Let’s see, there were those six losses during the regular season. Two were blowout losses, to the Houston Texans and the Denver Broncos.

Three were close losses to the Philadelphia Eagles, Pittsburgh Steelers and Washington Redskins. One was a meaningless season-ending loss to the Cincinnati Bengals.The Ravens won 10 regular season games, enough for them to win the American Football Conference North Division title. Oh, they tried to blow it, but the Steelers and Bengals were simply too accommodating.

Three of the victories— over the Bengals, Oakland Raiders and New York Giants—  were blowouts. The other seven victories were skin-of-the-teeth affairs that made me almost lose what’s left of my hair.

The game that stands out most among those is the one that left me with the sneaking suspicion that these 2012 Ravens— with all their deficiencies— just might make it to the Super Bowl.

That was the game against the San Diego Chargers. Remember that one?

The Chargers gave the Ravens a smack around pretty much the entire game, but still led by only three in the closing moments. That’s when, on fourth and 29 from deep in Ravens territory, Ray Rice caught a pass for about two yards and then ran 27 for the first down.

If I live to be 247 years old I will never figure out how that happened. I have been a professional football fan for 50 years. (Got my start watching National Football League games and games from the old American Football League.) I’ve never seen a pro team convert a fourth down and 29.

 A team that can do that, I concluded, could probably do just about anything. And I’ll be darned if that isn’t what those underdog Ravens did.

With about 37 seconds left in the playoff game against the Broncos, the Ravens were on their own 30-yard line and trailed 35-28. All the Broncos had to do was prevent the Ravens from throwing a deep pass for 37 measly seconds.

Didn’t happen. Ravens quarterback Joe Flacco heaved a 70-yard touchdown pass to receiver Jakobi Jones. The extra point tied the score and the Ravens won in overtime.

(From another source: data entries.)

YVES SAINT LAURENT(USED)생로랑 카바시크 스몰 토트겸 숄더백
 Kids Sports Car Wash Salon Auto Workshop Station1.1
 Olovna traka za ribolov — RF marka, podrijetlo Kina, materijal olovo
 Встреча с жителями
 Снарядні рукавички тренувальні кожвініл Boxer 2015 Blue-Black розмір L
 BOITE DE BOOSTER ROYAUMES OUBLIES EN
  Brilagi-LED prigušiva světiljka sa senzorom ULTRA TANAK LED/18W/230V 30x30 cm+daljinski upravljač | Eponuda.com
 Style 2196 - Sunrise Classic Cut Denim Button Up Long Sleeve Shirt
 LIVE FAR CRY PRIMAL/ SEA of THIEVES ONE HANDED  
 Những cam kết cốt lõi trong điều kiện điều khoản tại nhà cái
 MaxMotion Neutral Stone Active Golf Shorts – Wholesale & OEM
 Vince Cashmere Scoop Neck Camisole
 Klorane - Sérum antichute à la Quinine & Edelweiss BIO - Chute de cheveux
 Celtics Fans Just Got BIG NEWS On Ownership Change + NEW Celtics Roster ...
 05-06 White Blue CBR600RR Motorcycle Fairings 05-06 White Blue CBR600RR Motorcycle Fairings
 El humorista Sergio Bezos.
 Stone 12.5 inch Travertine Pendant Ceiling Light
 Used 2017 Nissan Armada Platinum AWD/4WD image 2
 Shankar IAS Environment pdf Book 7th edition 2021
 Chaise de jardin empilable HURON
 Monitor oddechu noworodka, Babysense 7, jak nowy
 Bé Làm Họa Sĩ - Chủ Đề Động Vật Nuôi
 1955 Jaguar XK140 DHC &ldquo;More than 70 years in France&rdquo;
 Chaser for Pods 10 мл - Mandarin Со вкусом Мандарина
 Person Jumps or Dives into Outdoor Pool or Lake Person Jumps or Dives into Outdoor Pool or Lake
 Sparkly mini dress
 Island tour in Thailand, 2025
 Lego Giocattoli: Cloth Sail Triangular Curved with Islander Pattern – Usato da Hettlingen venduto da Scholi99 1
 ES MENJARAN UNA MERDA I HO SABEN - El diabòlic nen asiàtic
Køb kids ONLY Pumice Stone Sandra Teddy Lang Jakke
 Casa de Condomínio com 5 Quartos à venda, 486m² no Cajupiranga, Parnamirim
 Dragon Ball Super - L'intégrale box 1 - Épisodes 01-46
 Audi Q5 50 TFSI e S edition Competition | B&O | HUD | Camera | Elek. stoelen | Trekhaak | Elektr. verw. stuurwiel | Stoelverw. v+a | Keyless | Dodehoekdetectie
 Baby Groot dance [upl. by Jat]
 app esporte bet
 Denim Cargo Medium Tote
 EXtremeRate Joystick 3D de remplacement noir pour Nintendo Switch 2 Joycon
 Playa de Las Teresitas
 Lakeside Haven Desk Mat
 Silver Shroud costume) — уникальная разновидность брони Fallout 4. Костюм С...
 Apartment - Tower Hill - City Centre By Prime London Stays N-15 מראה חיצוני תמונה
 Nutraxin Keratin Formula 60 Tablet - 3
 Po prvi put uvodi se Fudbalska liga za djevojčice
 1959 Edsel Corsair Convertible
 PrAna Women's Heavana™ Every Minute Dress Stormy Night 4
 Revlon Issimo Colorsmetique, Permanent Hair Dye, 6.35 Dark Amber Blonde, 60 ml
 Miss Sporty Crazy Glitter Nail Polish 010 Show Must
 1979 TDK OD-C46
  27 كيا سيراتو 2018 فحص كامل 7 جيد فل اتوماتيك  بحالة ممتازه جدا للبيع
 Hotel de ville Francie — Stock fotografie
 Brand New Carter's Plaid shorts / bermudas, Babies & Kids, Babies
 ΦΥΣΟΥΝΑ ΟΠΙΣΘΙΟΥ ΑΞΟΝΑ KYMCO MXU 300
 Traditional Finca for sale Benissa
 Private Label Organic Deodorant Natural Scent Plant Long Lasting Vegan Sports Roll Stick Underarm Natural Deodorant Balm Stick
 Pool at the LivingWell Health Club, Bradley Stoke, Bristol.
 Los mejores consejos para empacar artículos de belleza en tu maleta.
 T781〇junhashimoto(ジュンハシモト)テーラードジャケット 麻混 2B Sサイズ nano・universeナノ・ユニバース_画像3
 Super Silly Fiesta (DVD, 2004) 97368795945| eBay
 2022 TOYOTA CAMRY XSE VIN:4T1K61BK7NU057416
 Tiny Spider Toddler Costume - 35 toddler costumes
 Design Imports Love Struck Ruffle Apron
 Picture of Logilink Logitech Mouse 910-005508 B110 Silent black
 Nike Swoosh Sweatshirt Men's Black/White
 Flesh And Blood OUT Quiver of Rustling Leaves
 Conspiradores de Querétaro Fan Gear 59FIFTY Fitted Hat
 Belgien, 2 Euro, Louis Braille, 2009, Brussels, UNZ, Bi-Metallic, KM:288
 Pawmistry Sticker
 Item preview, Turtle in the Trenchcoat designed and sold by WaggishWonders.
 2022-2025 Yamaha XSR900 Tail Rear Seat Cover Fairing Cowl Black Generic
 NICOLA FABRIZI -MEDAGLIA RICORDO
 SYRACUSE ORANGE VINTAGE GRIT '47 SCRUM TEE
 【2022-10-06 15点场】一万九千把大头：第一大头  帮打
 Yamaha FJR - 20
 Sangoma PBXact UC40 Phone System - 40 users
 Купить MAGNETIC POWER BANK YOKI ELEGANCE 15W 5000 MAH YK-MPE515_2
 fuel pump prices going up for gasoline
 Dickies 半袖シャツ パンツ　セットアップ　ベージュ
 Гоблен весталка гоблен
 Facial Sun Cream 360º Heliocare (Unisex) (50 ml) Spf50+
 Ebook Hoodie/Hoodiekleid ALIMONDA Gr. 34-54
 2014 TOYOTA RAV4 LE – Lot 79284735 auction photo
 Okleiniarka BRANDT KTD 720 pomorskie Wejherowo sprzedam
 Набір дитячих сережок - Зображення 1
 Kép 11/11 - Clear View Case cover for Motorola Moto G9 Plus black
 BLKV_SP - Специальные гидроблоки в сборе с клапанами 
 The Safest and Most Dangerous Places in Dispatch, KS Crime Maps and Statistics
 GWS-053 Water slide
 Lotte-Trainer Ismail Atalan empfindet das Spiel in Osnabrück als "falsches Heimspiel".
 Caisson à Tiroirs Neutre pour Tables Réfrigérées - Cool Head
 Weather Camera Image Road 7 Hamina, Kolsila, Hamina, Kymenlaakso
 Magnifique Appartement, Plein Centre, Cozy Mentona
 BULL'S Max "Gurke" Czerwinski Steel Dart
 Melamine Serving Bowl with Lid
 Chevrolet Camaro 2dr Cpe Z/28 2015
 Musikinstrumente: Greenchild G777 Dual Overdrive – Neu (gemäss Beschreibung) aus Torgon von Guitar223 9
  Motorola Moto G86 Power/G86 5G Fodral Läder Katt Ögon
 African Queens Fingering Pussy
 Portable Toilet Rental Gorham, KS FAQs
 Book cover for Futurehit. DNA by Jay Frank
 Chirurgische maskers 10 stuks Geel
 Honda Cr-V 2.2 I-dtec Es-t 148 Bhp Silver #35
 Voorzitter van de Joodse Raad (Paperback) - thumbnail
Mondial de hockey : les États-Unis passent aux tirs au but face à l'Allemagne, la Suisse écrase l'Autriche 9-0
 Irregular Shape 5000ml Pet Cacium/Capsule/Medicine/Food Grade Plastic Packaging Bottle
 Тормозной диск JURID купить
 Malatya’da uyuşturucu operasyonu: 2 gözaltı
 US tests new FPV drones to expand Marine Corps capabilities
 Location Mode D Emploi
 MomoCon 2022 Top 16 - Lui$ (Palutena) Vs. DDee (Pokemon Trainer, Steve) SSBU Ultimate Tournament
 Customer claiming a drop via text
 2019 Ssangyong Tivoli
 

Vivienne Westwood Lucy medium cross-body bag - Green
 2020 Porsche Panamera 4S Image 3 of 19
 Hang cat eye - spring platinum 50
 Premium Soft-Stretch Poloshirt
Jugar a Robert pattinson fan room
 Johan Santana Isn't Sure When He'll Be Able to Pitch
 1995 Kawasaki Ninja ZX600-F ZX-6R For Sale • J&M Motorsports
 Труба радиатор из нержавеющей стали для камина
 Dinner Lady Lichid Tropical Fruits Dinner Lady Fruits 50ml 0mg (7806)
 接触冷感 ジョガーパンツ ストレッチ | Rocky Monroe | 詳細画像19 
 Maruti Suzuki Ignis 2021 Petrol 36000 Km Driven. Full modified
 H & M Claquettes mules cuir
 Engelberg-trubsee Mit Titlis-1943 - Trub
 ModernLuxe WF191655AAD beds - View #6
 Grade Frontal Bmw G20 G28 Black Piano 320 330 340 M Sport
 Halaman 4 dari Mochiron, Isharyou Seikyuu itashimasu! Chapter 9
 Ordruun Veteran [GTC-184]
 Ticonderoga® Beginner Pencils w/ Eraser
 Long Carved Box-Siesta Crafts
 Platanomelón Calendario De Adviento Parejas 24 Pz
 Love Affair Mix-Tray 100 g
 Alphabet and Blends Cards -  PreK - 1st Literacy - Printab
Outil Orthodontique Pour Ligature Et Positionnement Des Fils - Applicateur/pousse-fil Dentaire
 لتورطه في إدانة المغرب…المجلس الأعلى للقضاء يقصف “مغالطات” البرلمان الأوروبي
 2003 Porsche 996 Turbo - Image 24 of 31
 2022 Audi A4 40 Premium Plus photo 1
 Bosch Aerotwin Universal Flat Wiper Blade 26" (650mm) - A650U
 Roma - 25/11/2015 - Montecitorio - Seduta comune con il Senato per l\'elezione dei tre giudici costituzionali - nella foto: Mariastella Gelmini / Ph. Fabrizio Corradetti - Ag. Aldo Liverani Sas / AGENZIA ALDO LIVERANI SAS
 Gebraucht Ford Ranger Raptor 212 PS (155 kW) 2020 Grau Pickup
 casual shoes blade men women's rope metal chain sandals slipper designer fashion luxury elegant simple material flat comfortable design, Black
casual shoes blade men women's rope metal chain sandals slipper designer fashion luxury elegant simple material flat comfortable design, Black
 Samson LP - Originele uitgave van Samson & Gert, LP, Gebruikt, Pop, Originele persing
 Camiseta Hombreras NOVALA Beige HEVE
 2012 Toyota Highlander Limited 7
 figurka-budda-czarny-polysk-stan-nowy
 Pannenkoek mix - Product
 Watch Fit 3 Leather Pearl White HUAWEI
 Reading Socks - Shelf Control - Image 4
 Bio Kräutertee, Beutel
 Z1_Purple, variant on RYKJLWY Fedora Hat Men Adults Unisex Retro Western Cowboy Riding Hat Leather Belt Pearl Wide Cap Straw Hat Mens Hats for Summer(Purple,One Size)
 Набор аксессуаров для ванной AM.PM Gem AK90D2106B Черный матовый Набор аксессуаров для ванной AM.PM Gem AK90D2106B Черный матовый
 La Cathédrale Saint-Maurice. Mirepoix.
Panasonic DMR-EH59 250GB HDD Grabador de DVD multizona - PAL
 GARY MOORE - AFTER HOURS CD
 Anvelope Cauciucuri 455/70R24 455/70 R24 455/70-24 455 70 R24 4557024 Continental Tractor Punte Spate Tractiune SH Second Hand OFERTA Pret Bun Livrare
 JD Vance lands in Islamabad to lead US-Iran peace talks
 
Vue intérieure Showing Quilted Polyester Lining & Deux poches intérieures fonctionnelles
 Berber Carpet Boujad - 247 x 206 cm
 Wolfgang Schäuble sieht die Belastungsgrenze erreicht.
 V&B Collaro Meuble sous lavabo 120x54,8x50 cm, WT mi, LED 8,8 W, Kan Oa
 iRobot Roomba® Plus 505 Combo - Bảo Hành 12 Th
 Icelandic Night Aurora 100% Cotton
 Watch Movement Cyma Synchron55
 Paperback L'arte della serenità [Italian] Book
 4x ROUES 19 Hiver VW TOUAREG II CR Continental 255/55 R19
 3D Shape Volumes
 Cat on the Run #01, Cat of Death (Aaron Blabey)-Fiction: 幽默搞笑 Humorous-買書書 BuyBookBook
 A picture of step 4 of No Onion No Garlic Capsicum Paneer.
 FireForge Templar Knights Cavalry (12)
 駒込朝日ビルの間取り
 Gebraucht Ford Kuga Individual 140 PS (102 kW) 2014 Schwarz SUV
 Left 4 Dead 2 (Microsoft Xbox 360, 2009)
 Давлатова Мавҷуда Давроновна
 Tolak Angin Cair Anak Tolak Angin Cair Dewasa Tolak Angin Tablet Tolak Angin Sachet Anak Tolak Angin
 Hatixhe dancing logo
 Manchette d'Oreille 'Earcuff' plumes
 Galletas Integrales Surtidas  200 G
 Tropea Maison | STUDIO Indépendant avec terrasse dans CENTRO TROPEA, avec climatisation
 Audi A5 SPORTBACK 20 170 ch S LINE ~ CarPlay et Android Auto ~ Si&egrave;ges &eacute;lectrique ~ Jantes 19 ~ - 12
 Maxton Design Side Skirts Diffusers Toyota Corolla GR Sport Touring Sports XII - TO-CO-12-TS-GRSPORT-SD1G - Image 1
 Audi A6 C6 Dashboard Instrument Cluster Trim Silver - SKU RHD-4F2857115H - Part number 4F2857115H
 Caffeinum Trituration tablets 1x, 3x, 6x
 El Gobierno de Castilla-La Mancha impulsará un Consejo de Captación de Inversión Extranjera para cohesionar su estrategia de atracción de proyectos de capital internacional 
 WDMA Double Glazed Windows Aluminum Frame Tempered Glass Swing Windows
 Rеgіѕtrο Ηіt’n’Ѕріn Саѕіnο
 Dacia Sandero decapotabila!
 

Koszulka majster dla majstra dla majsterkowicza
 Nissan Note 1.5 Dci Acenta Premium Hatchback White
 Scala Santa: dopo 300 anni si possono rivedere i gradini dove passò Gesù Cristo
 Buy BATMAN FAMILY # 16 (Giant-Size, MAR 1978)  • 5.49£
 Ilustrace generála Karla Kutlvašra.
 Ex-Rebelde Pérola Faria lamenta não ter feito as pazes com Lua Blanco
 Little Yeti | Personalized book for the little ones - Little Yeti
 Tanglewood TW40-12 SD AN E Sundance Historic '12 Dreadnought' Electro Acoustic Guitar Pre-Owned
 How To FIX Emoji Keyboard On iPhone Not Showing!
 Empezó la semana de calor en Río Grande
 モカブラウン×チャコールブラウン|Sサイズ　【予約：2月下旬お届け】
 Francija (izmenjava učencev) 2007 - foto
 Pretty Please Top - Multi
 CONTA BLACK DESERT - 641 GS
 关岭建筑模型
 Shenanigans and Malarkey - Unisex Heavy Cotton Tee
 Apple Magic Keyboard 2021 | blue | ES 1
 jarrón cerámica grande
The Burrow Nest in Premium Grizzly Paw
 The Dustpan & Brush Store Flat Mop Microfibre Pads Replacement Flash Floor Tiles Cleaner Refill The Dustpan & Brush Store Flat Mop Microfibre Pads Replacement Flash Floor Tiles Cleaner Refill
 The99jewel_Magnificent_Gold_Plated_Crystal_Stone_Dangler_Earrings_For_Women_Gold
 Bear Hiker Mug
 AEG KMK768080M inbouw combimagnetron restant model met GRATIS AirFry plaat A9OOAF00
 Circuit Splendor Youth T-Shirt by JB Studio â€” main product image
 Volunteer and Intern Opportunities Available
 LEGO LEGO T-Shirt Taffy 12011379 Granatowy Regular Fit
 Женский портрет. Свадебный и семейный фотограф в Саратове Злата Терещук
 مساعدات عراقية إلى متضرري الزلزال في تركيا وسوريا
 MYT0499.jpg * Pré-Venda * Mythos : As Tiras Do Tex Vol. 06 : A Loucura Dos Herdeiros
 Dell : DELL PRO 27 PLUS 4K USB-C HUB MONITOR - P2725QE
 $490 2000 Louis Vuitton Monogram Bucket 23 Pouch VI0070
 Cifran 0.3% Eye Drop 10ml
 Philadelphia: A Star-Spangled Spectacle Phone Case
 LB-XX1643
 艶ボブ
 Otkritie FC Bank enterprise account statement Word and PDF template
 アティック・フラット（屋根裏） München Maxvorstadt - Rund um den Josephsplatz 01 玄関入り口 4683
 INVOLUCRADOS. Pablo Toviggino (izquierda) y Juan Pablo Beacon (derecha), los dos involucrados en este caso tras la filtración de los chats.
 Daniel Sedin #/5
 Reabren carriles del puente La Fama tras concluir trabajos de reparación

That victory was a surprise. Peyton Manning, the Broncos quarterback, had beaten the Ravens in, I believe, nine consecutive games, probably because he had a knack for reading the Ravens defense the way a Phi Beta Kappa could read a grade school primer.

Manning’s knack helped neither him nor his team. These 2012 Ravens seemed like a team on a mission and, by now, we all know what that mission is— Ray Lewis’ last ride to the Super Bowl.

Number 52 tore his triceps muscle in the game against the Dallas Cowboys and was thought to be out for the season. Then the Ravens— and the rest of us— learned this would be Lewis’ last season.

 Just when we thought we had seen the last of him, there was number 52 again, taking the field against the Irsay Colts in the first playoff game and leading the team in tackles.

He did his last dance in M&T Stadium and then took that famous victory lap. Football “experts” swore we had seen the last of him, that the Broncos would dispatch the Ravens the next week.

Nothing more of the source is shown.